***** Given data *****

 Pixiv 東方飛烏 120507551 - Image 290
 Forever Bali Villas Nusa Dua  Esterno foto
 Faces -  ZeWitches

*****

● What this task involves
Down to the last line, repeat the data exactly.

● Solution to this exercise
 Pixiv 東方飛烏 120507551 - Image 290
 Forever Bali Villas Nusa Dua  Esterno foto
 Faces -  ZeWitches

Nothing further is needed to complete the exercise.